Your instructions:
An exact restatement of the entire listing is needed, excluding all images.

Data block:
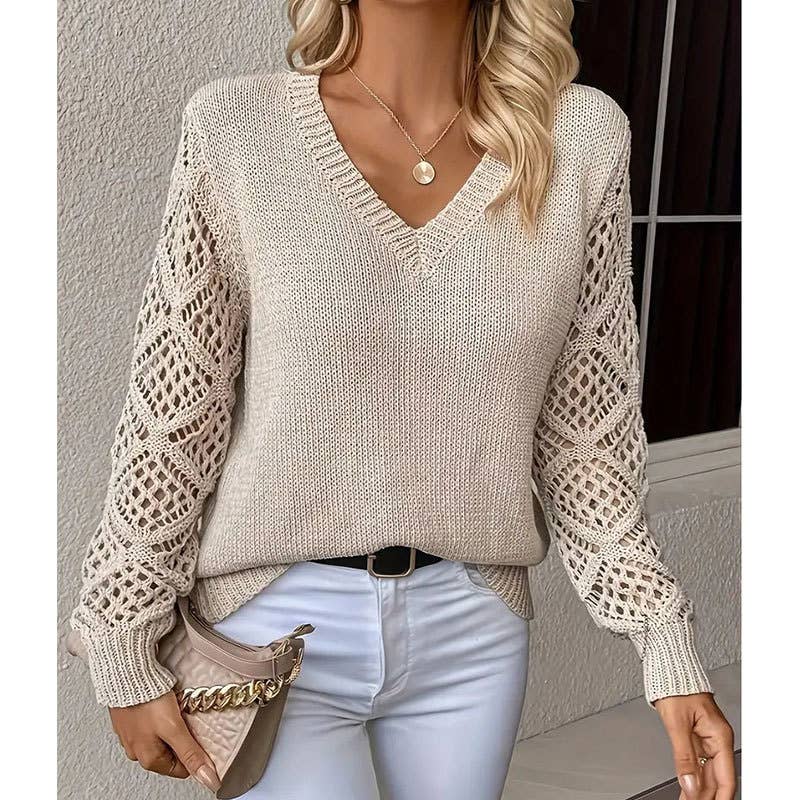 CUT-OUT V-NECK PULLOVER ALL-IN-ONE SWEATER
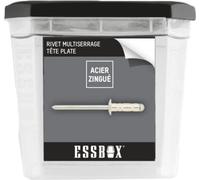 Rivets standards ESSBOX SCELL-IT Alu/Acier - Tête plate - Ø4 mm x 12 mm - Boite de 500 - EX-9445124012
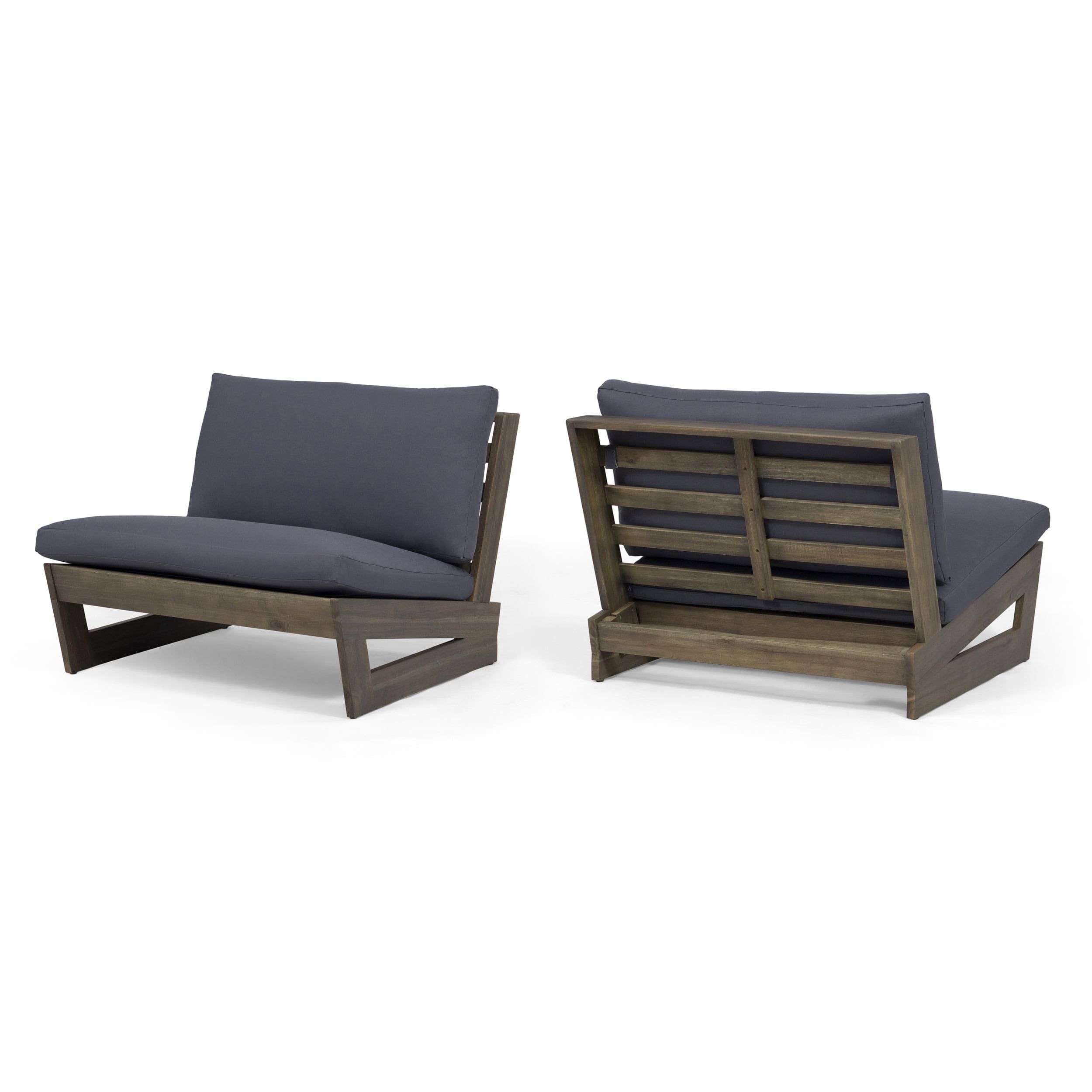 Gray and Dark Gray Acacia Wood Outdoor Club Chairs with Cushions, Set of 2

Exercise result:
 CUT-OUT V-NECK PULLOVER ALL-IN-ONE SWEATER
 Rivets standards ESSBOX SCELL-IT Alu/Acier - Tête plate - Ø4 mm x 12 mm - Boite de 500 - EX-9445124012
 Gray and Dark Gray Acacia Wood Outdoor Club Chairs with Cushions, Set of 2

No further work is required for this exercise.